MCD may be secondary to drug intake, neoplasms, infections and allergies, or else primary, which is probably the case in this patient^[4]. The pathogenesis underlying MCD is unclear. MCD is a major cause of nephrotic syndrome (approximately 90%) in children and in a minority of adults (approximately 10%) ^[4]. We underline the early identification of MCD in this patient, explaining the mild proteinuria levels documented so far. Moreover, we highlight the importance of surveillance for serious manifestations of MCD, such as nephrotic syndrome, haematuria and acute kidney injury ^{[4, 5]}.
We emphasise the importance of blood pressure control and stopping consumption of synthetic AA formulas. The mainstay of therapy for MCD is prednisolone, with >70% of adults, particularly younger patients, achieving complete remission within 18 months ^{[4, 5]}. Although 5–10% of untreated patients can spontaneously remit within 3 months, according to the literature, when persistent nephrotic syndrome is evident, glucocorticoid therapy should not be withheld due to possible thrombotic and infectious complications ^{[4, 5]}.

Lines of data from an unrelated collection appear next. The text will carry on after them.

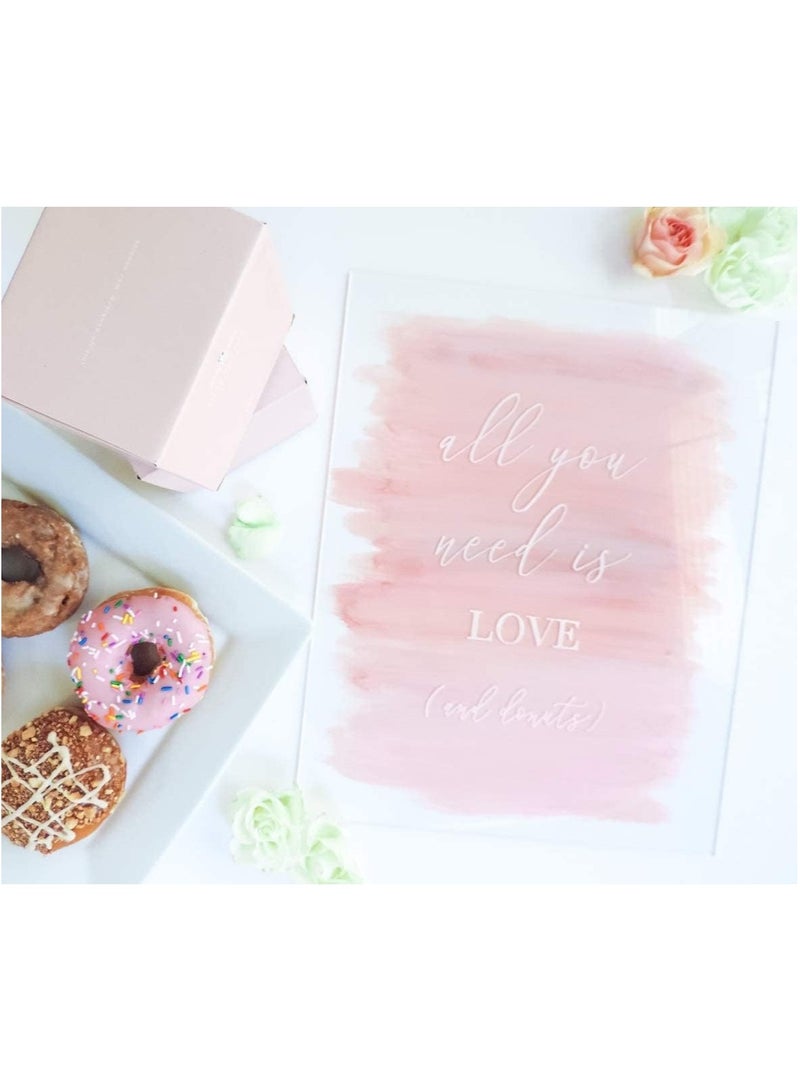 TPGP 6 Pack Rectangle Clear Blank Acrylic Sheets - 11x14 Inch Table Number Signs for Weddings, Events, and Gift Card Displays, Stand Holder NOT Included  - Image 2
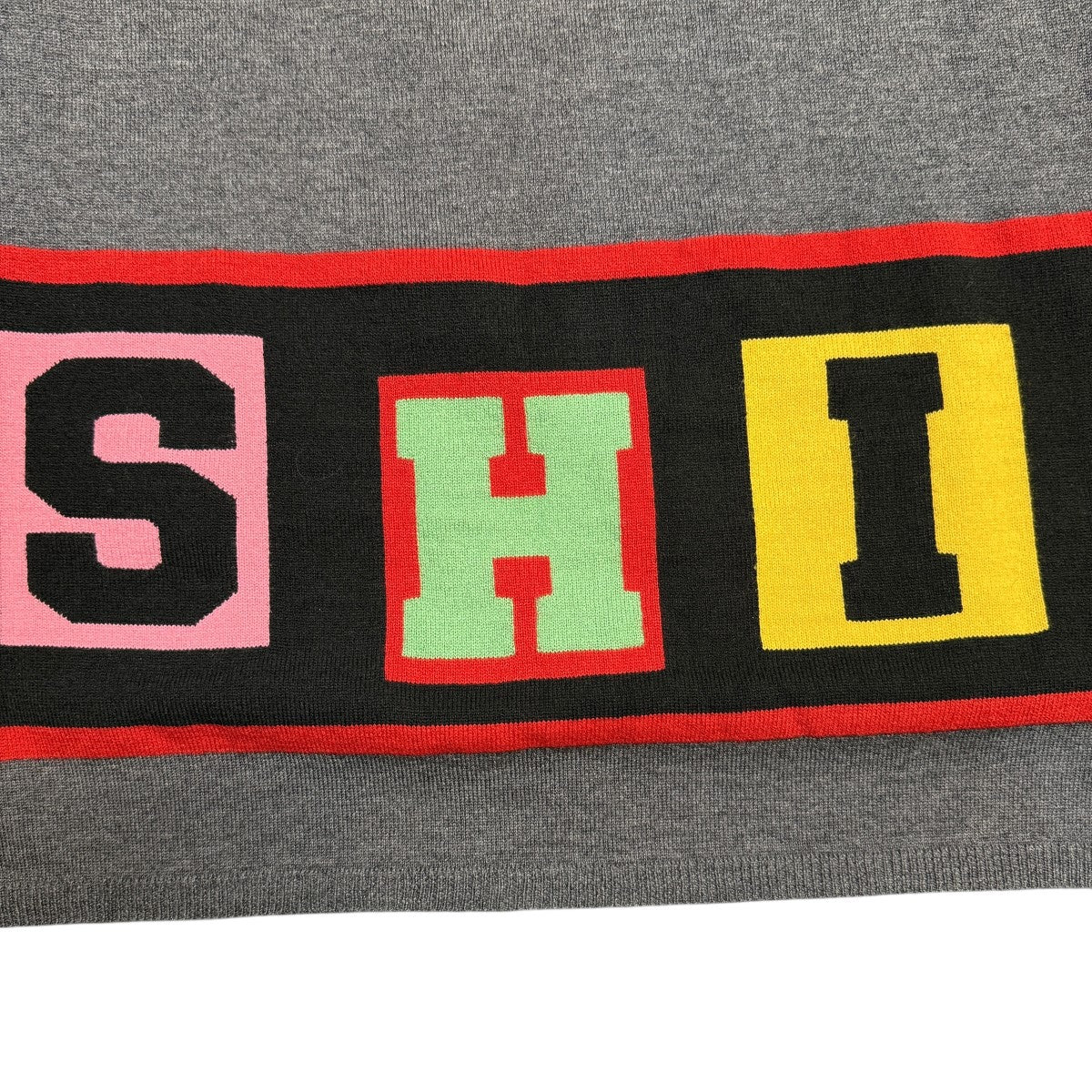 COMME des GARCONS SHIRT 25AW/acrylic wool intarsia gauge 12／アクリルウール薄手ニットFP-N001 古着・中古-3枚目のアイテム画像
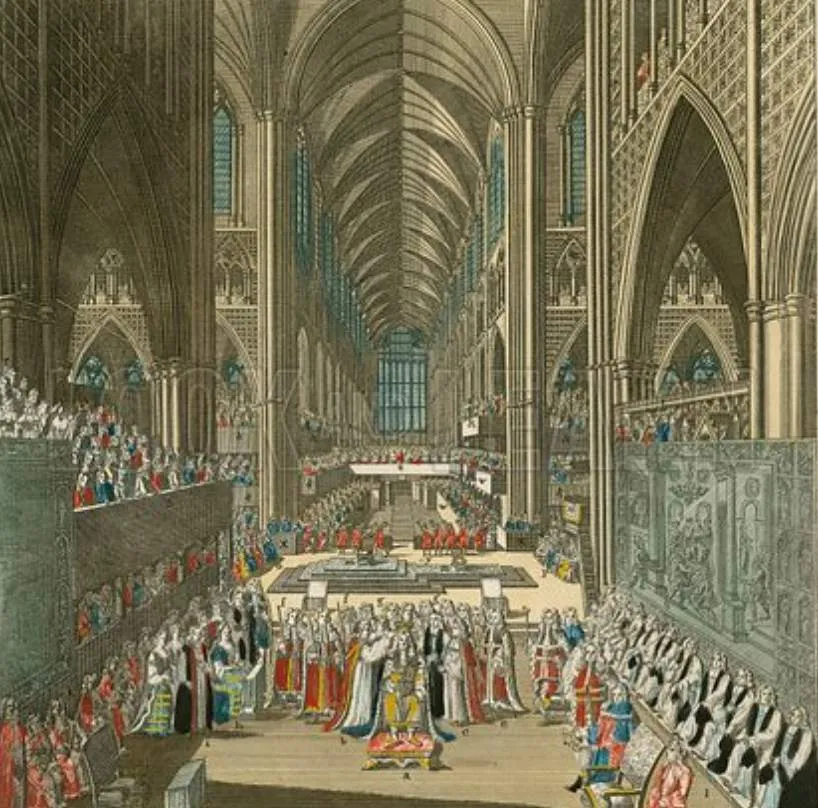 James II’s Coronation, 1685‍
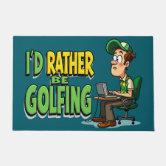 Cute Golfing Humor Decor for Fans Doormat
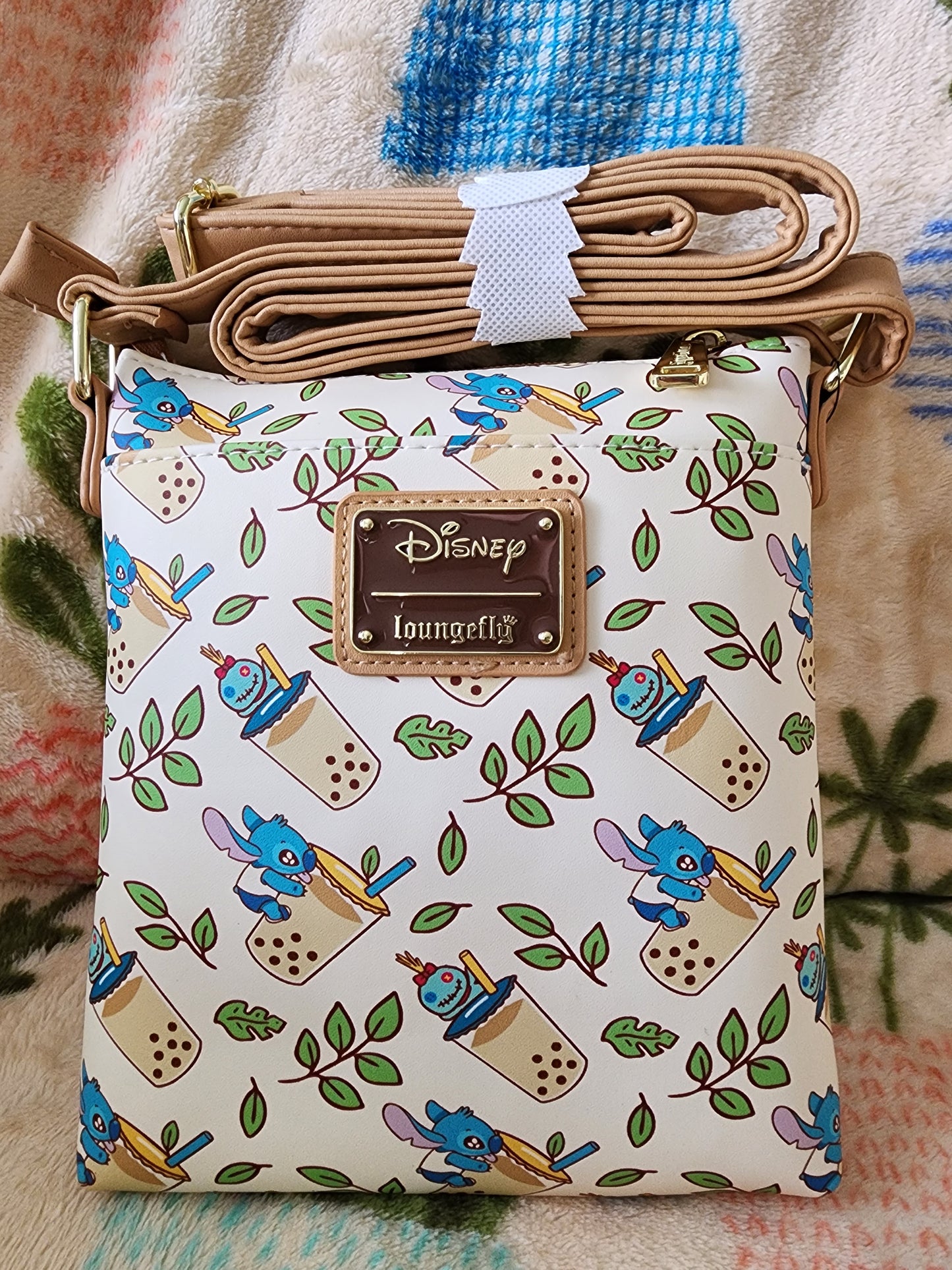 Loungefly Disney Lilo and Stitch Boba Drink Crossbody Bag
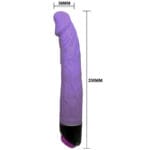 BAILE - ADOUR CLUB VIBRADOR REALÍSTICO 23 CM LILA - Imagen 3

PKU presents with unclear multisystemic manifestations which are currently under study, especially in adult patients. Investigation of the link between PKU and MCD could provide better understanding of the pathophysiology of both disorders as protein homeostasis is affected in each condition. Moreover, there are therapeutic and follow-up implications for both disorders and affected patients should be screened for proteinuria.